On Apple Silicon (M-series), a native **MLX** path runs inference directly on the
Apple GPU (Metal, unified memory) — typically faster than PyTorch's MPS backend.
It is an optional extra; the core package stays torch-only:

```bash
pip install -e .[mlx]
```

```python
import soundfile as sf
from bluemagpie import BlueMagpieModel
from bluemagpie.mlx import BlueMagpieMLX, mlx_generate

model = BlueMagpieModel.from_local(model_dir, tokenizer=tokenizer, device="cpu")
mlx_model = BlueMagpieMLX(model)          # converts the weights once

audio = mlx_generate(model, mlx_model, "今天天氣真好。", seed=0)   # 48 kHz waveform
sf.write("output.wav", audio.numpy(), model.sample_rate)
```

- The whole inference path (Barbet, RALM, LocEnc, LocDiT/CFM, the **AudioVAE
  decoder**, the AR loop) is re-implemented in MLX and numerically parity-checked,
  module by module — generation can run torch-free (only tokenization and
  reference-wav encoding stay in torch).
- Decode uses cached single-step kernels (it advances one position per step, not a
  full re-run).
- `mlx_generate` supports the same four input modes as `generate`.
- On the real 7.75 GB model: end-to-end **RTF 0.77** (faster than real time) —
  ~**1.45×** over torch-MPS and ~**3.27×** over torch-CPU (fp32,
  `scripts/bench_rtf.py`). See [`src/bluemagpie/mlx/DESIGN.md`](src/bluemagpie/mlx/DESIGN.md).

## Notes

- The examples load the tokenizer from `tokenizer.json` and pass it to
  `from_local`, which is stable on transformers 5.x. (`from_local`'s automatic
  tokenizer loading can fail on 5.x — see Troubleshooting.)
- A GPU is optional: set `device="cpu"` (slower, but short utterances take only
  tens of seconds). Output is 48 kHz mono.
- The bundled `hung_yi_lee` speaker vector is authorized for example use. For any
  other speaker or voice cloning, use only reference audio or speaker vectors you
  are authorized to use.
- Keep speaker-vector tables and synthesized audio private; do not distribute
  them without authorization.

## Troubleshooting

**Tokenizer loading on newer transformers (5.x).** The examples load the
tokenizer explicitly from `tokenizer.json`, so they work on transformers 5.x with
no extra steps (the model only uses the tokenizer's `encode`).

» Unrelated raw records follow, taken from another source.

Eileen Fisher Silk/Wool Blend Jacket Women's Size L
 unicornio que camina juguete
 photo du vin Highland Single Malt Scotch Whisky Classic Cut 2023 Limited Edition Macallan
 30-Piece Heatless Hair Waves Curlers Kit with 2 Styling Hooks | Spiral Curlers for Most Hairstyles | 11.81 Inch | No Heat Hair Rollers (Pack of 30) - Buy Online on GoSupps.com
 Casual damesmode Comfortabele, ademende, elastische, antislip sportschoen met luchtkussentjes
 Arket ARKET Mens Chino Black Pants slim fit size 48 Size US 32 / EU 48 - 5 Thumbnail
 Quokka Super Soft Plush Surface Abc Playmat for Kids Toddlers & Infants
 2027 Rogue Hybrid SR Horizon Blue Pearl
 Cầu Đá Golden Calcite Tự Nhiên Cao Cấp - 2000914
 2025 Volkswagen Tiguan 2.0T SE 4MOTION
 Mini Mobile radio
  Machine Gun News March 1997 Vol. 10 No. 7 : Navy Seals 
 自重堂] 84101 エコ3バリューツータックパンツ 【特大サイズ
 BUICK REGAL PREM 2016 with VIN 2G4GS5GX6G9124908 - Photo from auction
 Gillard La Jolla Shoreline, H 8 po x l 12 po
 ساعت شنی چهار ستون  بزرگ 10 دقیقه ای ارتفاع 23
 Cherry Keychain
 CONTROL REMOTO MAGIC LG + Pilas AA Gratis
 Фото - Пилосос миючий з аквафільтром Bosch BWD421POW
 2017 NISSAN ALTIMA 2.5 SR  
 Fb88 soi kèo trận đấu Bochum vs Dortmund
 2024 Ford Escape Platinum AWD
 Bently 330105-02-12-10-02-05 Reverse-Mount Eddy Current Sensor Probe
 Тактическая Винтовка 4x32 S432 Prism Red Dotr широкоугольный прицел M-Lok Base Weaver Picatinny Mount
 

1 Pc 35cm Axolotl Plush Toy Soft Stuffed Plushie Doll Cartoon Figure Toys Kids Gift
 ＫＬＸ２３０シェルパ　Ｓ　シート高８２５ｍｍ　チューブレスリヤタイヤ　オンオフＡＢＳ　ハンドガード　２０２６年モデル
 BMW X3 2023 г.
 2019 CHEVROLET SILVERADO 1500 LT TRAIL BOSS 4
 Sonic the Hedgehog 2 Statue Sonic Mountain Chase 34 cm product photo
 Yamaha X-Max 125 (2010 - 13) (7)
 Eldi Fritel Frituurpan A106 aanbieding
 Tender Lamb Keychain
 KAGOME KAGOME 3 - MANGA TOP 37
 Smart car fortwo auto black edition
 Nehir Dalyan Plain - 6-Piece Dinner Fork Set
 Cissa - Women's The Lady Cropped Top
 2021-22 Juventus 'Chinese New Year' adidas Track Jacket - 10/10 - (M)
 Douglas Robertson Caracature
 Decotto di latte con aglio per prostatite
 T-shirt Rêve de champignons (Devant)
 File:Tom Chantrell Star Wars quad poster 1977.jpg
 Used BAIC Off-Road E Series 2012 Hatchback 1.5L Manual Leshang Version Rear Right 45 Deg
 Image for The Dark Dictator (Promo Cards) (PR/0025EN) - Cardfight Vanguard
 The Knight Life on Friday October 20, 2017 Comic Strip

If you instead rely on `from_local`'s automatic tokenizer loading (passing no
`tokenizer`), transformers 5.x may fail while parsing `tokenizer_config.json`
with `TypeError: ..._patch_mistral_regex() got multiple values for keyword
argument 'fix_mistral_regex'`, or appear to load but raise `ValueError: No
tokenizer attached to BlueMagpieModel` when you call `generate()`. Use the
explicit loading shown above instead.